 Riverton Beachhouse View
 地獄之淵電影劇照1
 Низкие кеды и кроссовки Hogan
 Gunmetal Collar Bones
---
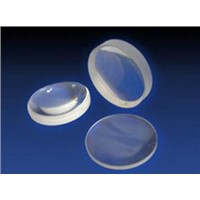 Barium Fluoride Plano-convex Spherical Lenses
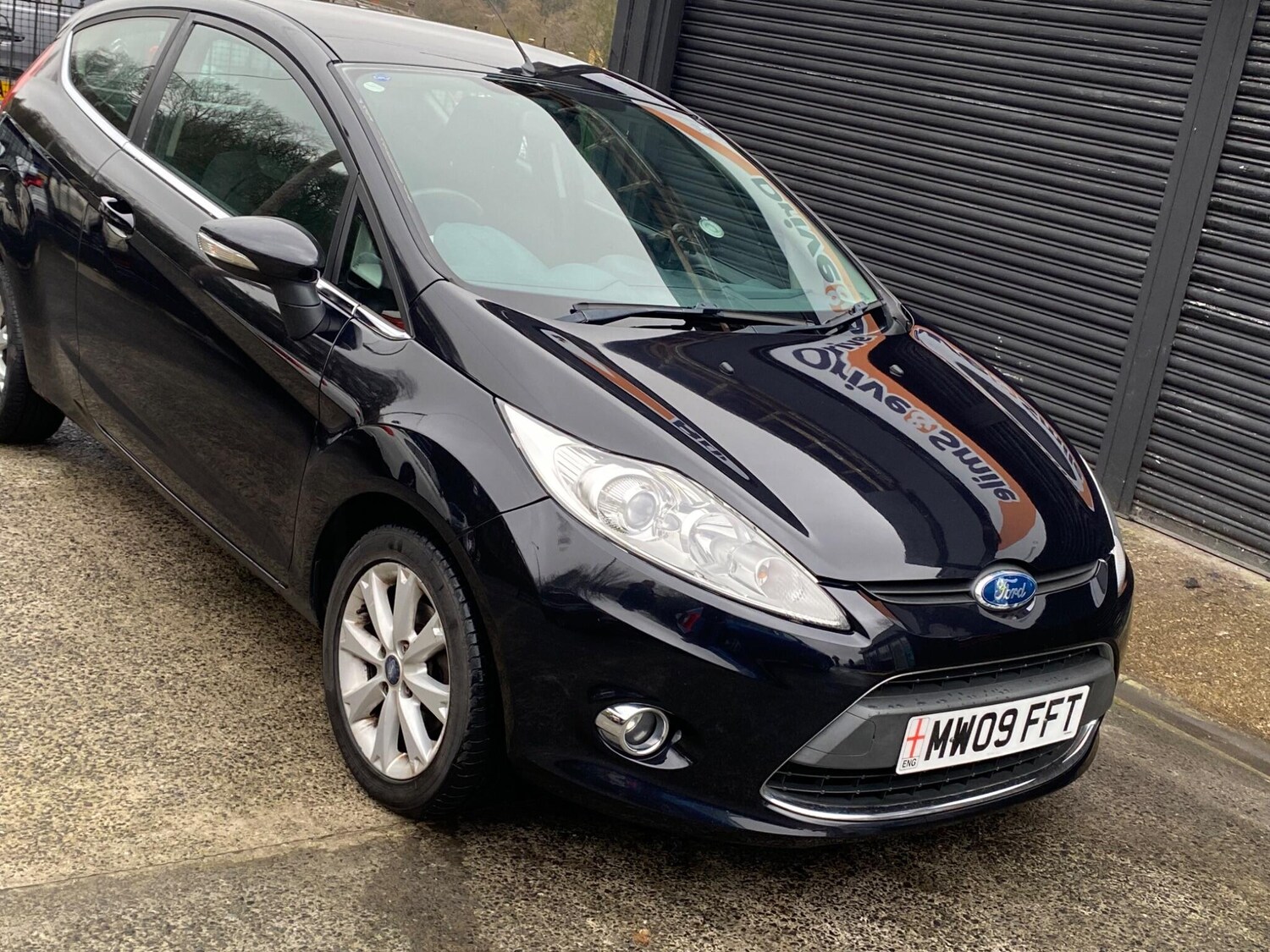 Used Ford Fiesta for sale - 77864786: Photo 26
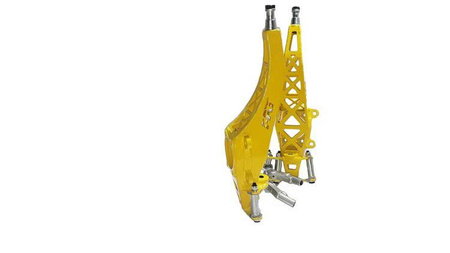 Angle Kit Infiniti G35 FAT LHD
* * *
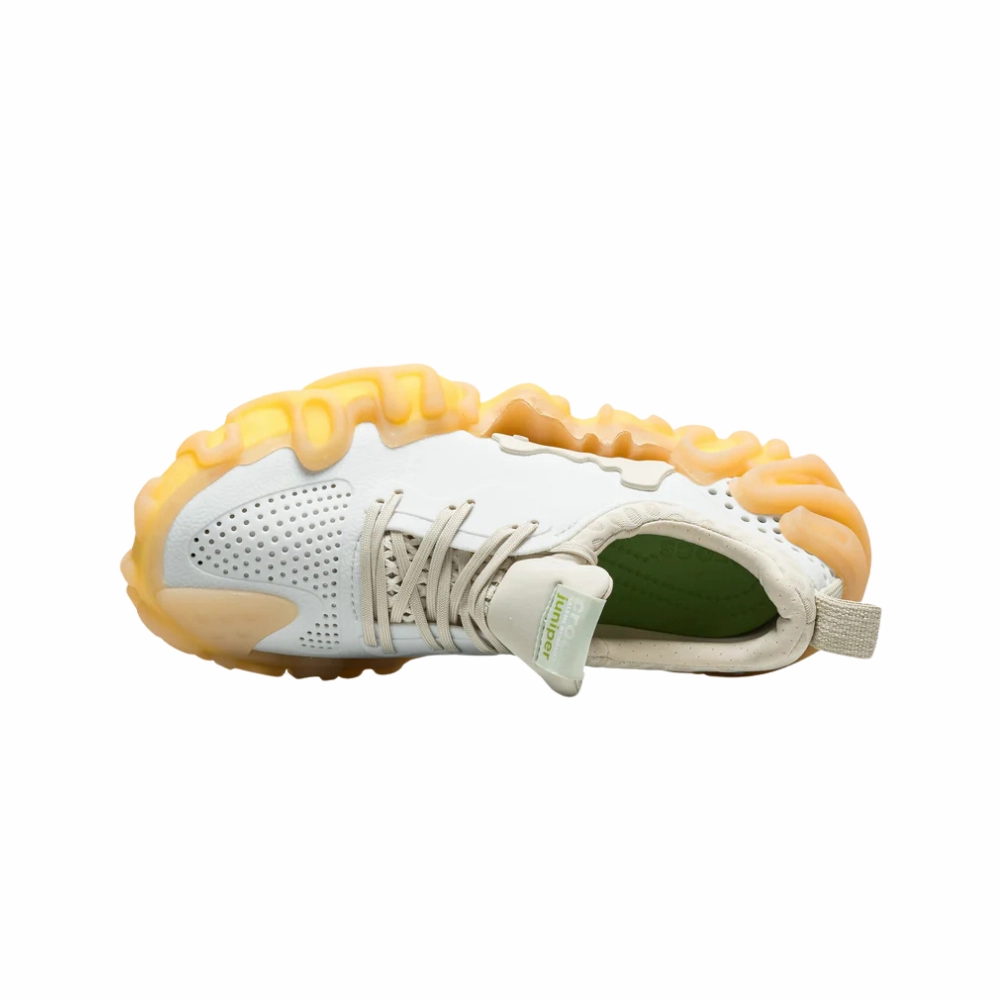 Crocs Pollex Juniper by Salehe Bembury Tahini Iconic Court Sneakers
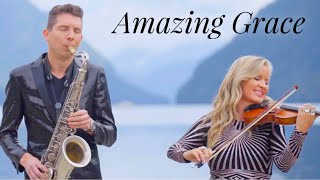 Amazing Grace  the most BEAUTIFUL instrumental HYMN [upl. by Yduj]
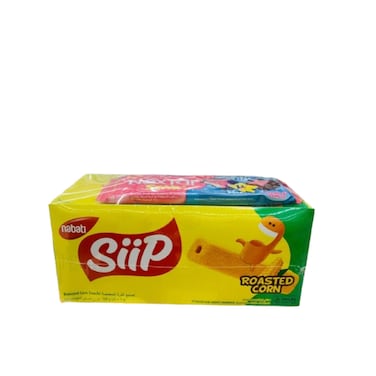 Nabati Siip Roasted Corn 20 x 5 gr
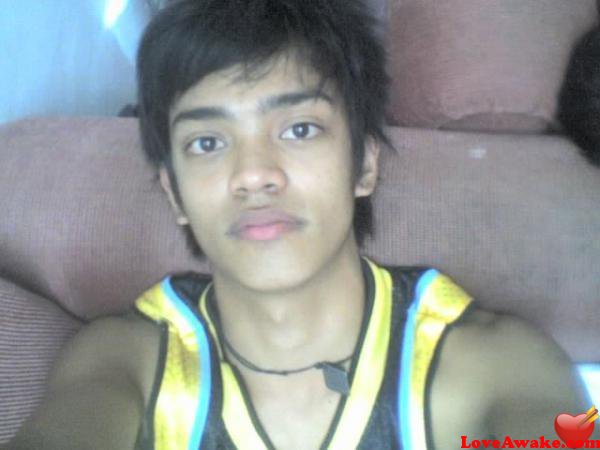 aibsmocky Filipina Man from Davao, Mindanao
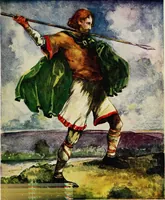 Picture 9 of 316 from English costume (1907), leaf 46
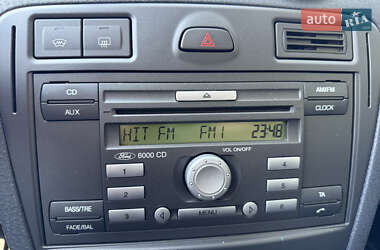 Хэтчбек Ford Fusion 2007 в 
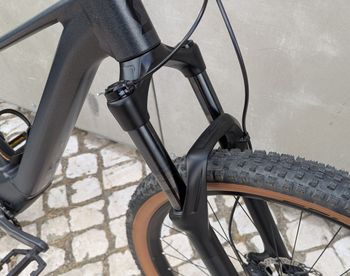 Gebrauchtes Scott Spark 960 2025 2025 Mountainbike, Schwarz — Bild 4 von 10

Exercise: Out of the data above, give again only the lines starting at the one holding "Riverton Beachhouse View" and ending at the one holding "Gunmetal Collar Bones", unchanged.

Written reply:
 Riverton Beachhouse View
 地獄之淵電影劇照1
 Низкие кеды и кроссовки Hogan
 Gunmetal Collar Bones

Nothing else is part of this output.